## GOAL OF THE EXERCISE
Leaving out pictures, output exactly the lines below from the one that has "Tanque de Agua" through the one that has "ラーメン文ちゃんの画像", and nothing else.

## DATA SUPPLIED
════════════════
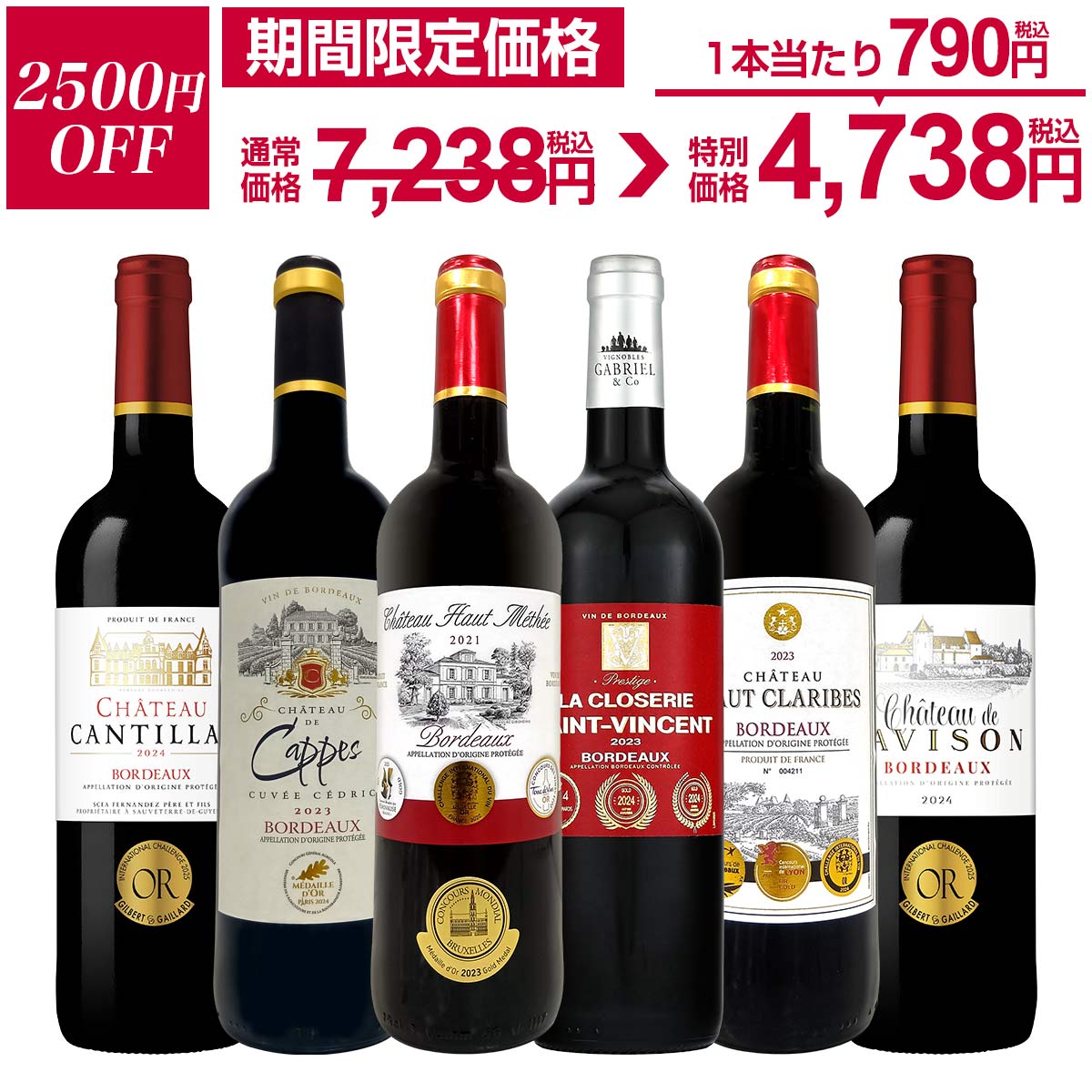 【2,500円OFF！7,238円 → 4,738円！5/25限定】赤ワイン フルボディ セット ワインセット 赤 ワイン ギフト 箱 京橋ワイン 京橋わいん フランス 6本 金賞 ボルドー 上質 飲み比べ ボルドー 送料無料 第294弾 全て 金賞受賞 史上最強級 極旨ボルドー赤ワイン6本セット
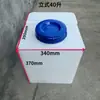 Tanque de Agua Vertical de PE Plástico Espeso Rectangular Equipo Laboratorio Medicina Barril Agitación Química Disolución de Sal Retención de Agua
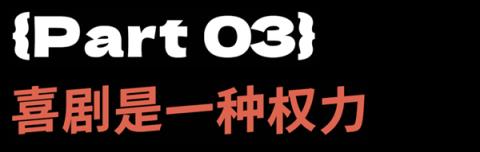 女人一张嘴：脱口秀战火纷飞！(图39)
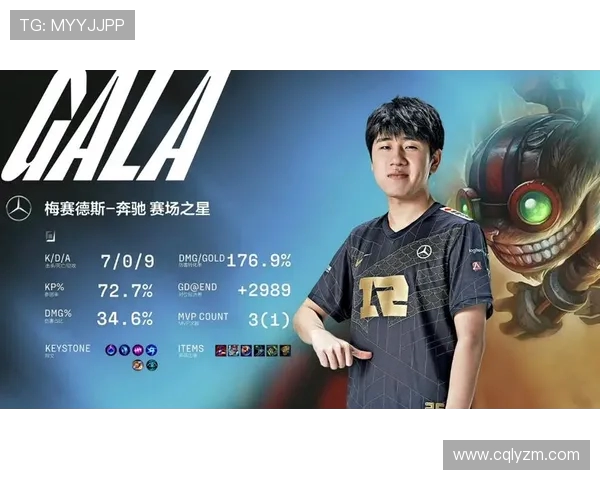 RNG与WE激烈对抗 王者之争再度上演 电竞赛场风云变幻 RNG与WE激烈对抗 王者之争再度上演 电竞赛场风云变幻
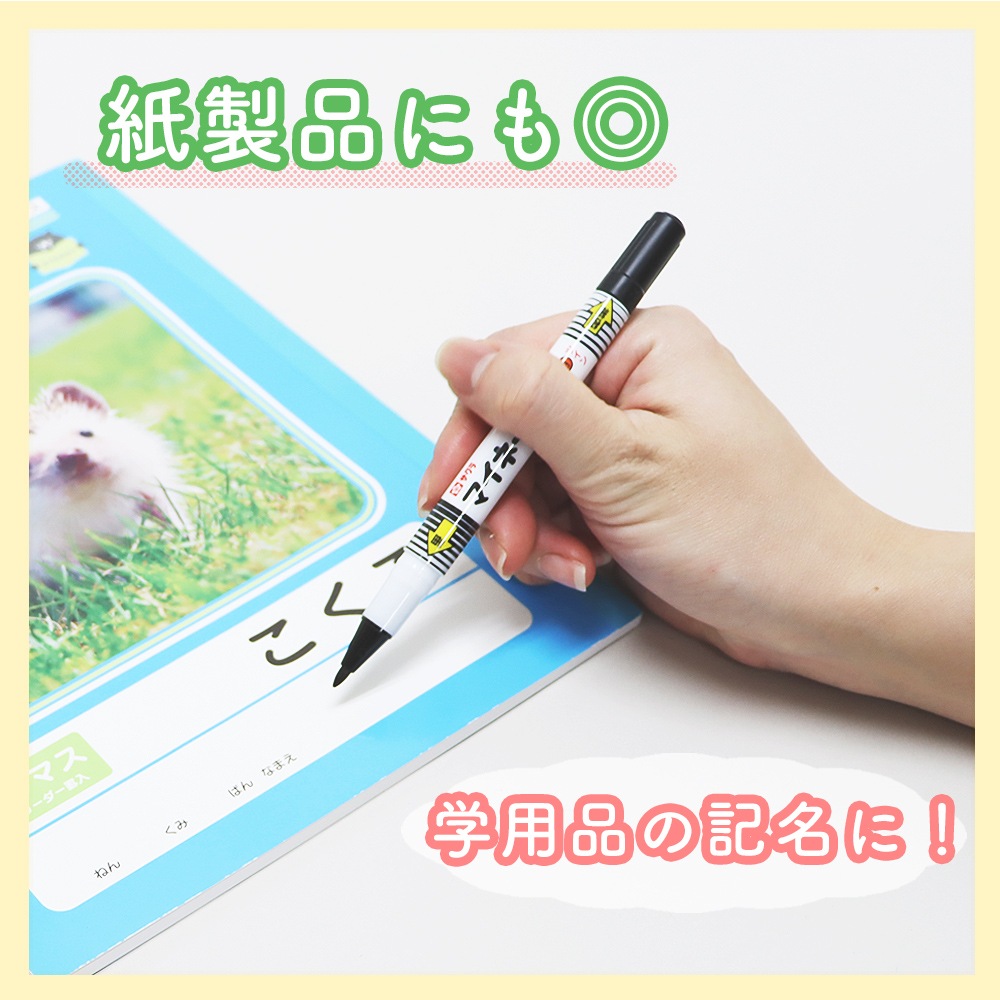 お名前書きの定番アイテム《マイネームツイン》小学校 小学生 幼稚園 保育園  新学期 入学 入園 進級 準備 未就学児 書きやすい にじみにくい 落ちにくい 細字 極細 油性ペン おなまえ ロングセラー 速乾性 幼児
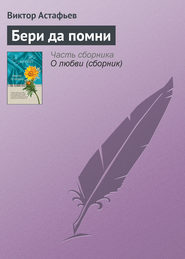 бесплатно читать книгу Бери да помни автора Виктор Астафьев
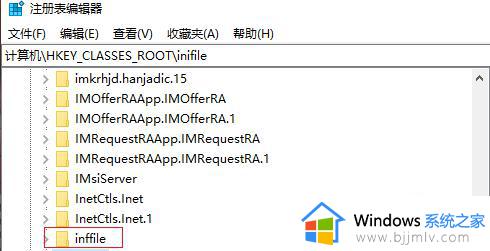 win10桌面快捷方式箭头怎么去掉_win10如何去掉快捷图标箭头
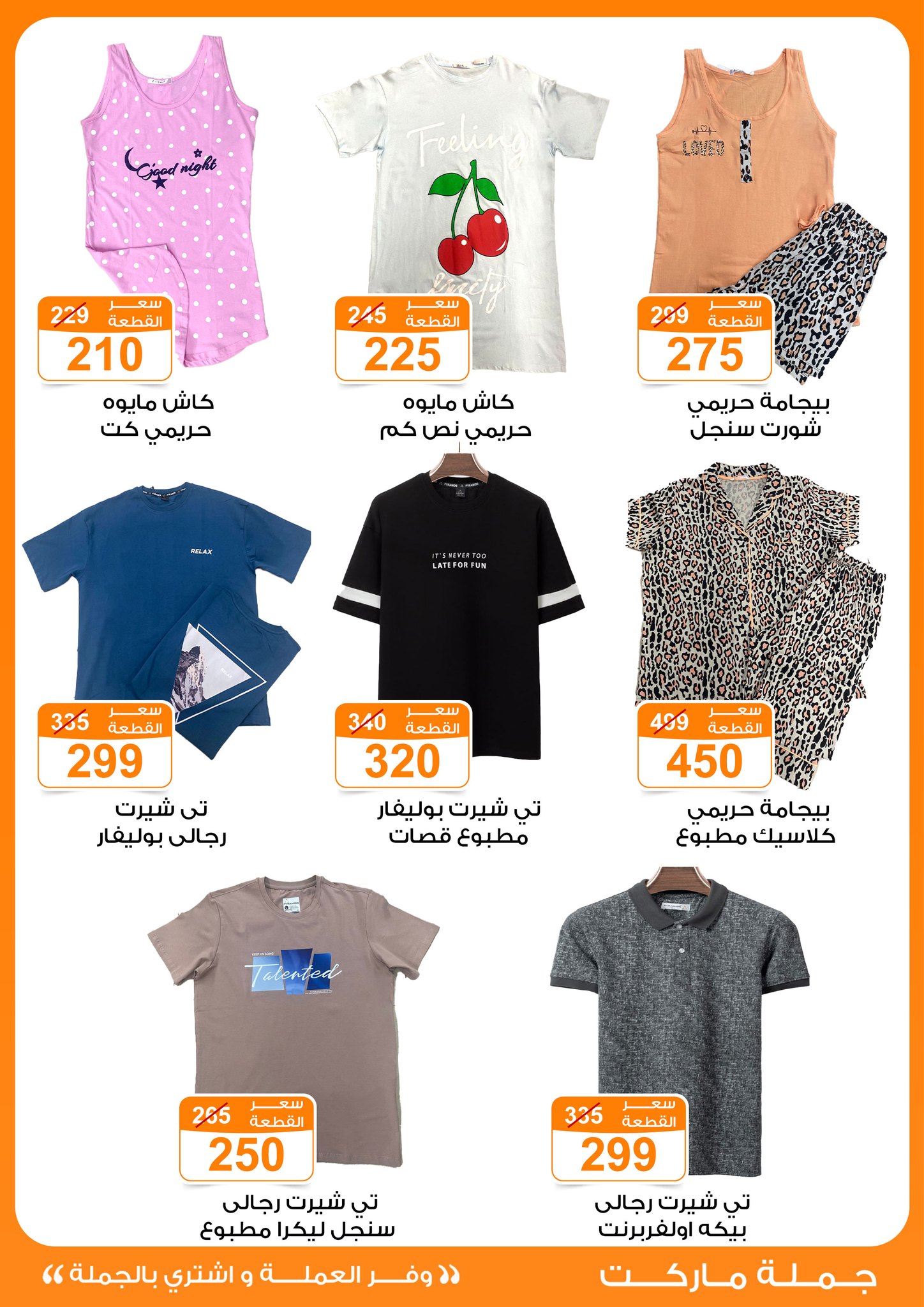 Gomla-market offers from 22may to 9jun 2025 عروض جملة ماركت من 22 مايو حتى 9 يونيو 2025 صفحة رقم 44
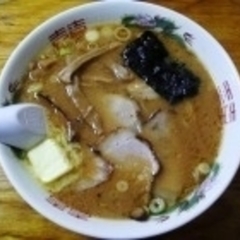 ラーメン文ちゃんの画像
════════════════
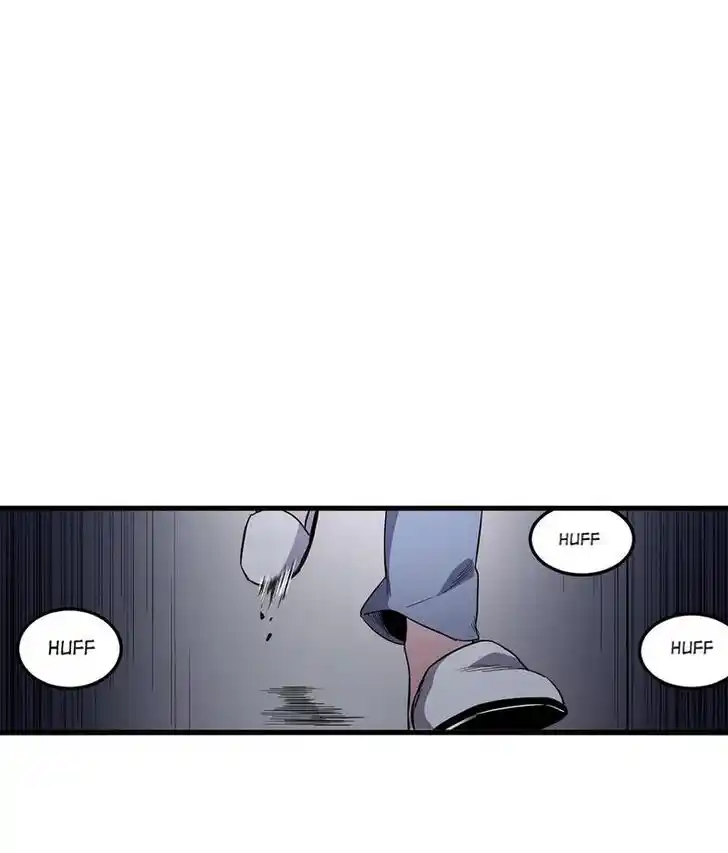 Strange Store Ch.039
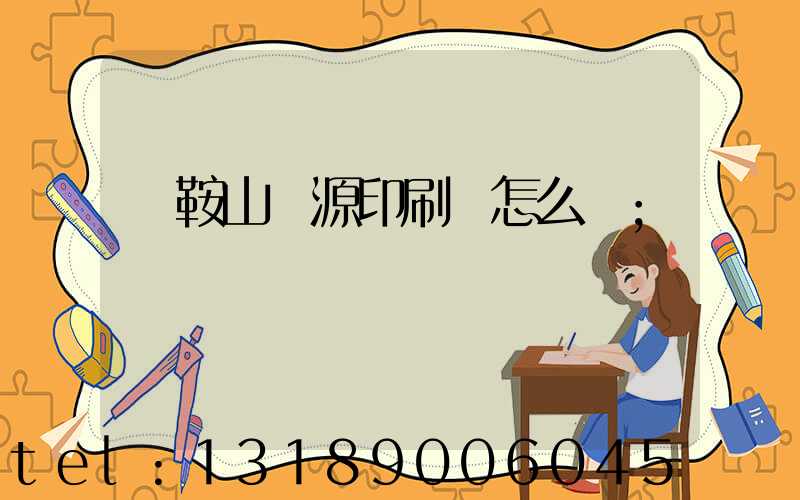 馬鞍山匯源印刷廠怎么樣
════════════════
## RESPONSE TO THE EXERCISE
 Tanque de Agua Vertical de PE Plástico Espeso Rectangular Equipo Laboratorio Medicina Barril Agitación Química Disolución de Sal Retención de Agua
 女人一张嘴：脱口秀战火纷飞！(图39)
 RNG与WE激烈对抗 王者之争再度上演 电竞赛场风云变幻 RNG与WE激烈对抗 王者之争再度上演 电竞赛场风云变幻
 お名前書きの定番アイテム《マイネームツイン》小学校 小学生 幼稚園 保育園  新学期 入学 入園 進級 準備 未就学児 書きやすい にじみにくい 落ちにくい 細字 極細 油性ペン おなまえ ロングセラー 速乾性 幼児
 бесплатно читать книгу Бери да помни автора Виктор Астафьев
 win10桌面快捷方式箭头怎么去掉_win10如何去掉快捷图标箭头
 Gomla-market offers from 22may to 9jun 2025 عروض جملة ماركت من 22 مايو حتى 9 يونيو 2025 صفحة رقم 44
 ラーメン文ちゃんの画像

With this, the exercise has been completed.